Es ist nicht der erste und einzige christliche Fanclub. „Begonnen hat die Geschichte mit der Totalen Offensive in Hamburg. Die übertragen nur die Auswärtsspiele des HSV in der Ansgargemeinde. Es folgten Berlin, Bielefeld und dann Dortmund.“
Die Schals der befreundeten Clubs hängen unter der Decke über dem Bücherstand. Mit dem Stern im Norden, ein christlicher Verein, habe man eine Partnerschaft. „Wir zahlen keine Miete, aber die Nebenkosten wie Strom, Wasser und Reinigung.“
Vor jedem Derby wird ein Gottesdienst gefeiert: Ein Zeichen gegen Hass und Gewalt
Über den Fußball missionieren? „Das wollen wir auf keinen Fall. Wir wollen nur ein Angebot machen, weil wir den Glauben haben, dass Jesus Christus uns trägt, nicht nur über den Sonntag hinweg.“
So ist auch die Kontaktstelle an jedem Spieltag besetzt, die soziale Beratung anbietet, gefördert von der BVB-Stiftung „Leuchte auf“. Vor jedem Derby feiern die Fans einen Derbygottesdienst, „meist am Donnerstag. Da kommen bis zu 100 Leute in Trikots. Wir wollen ein Zeichen setzen gegen die Entwicklung von immer mehr Hass und Gewalt.“
Zum christlichen Fanclub auf Schalke unterhalte man gute Kontakte. „Doch die Rivalität zwischen beiden Vereinen, das Kribbeln, das muss sein.“
Zwei Stunden vor Spielbeginn laufen die Fanclub-Mitglieder sich warm und bereiten alles vor
Zwei Stunden vor Spielbeginn sind die Clubmitglieder im Saal, stellen die Stühle und Tische auf, arrangieren das Kuchenbüffet, testen die Technik. Lukas Grundmann ist der Mann an der Anlage, häufig sitzt auch Oliver Römer auf seinem Stuhl. Übertragen werden alle BVB-Spiele.
Der große private Anbieter, so Römer, habe einen besonderen Tarif für gemeinnützige Einrichtungen wie Altenheime. Der gelte auch für die Totale Offensive. So kann der Verein den Nordstadt-NachbarInnen die Spiele zeigen.
Jetzt wird überlegt, auch Eurosport zu abonnieren. „Aber die bieten für unsere Bedürfnisse noch nichts an.“
Oliver Römers Leidenschaft prägte der Opa: „Er war in einer Klasse mit Max Michallek“
Römer ist seit Jahrzehnten BVB-Anhänger. „Der Großvater hat mich geprägt. Er war in einer Schulklasse mit Max Michallek. Als kleiner Pico sind wir zu den Spielern gefahren, haben geklingelt und um Autogramme gebeten. Es gab für mich nichts anderes als Borussia.“ Die Totale Offensive hat Verbindungen zur BVB-Fanabteilung und sitzt im 20köpfigen Fanrat. Das ist schon was. Immerhin gibt es rund 750 schwarzgelbe Fanclubs.

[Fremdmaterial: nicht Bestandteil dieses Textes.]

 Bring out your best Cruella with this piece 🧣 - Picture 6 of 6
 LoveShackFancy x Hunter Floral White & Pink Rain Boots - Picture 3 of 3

Bevor Römer sich wieder zu seinen VereinskollegInnen gesellen muss, erzählt er noch von der Nikolaus-Verteilaktion. Vor jedem Heimspiel um den Nikolaustag herum, verteilen die Fanclub-Mitglieder insgesamt 1000 Nikoläuse an die OrdnerInnen und PolizistInnen. Mit den Worten „Danke für Ihren Einsatz – Gott segne Sie“, die auf einem Kärtchen stehen, dass der Nikolaus in Handarbeit umgehängt bekommen hat, will man die Arbeit der Sicherheitsleute würdigen. Es muss aber ein Liga-Spiel sein. „Sonst will die Fifa wissen, was im Nikolaus drin ist. Wir mussten schon mal das Silberpapier abwickeln.“
Es ist kurz vor drei. Die heute arbeitenden Fanclubmitglieder versammeln sich alle um einer Tisch, Addi Kraushaar spricht ein Gebet, bittet um ein faires Spiel, ohne Fouls, ohne Verletzungen, um nette Gäste und einen schönen Nachmittag. Punkt drei wird die Tür aufgeschlossen und Margit Wilshaus’ Daumen geht an die Arbeit.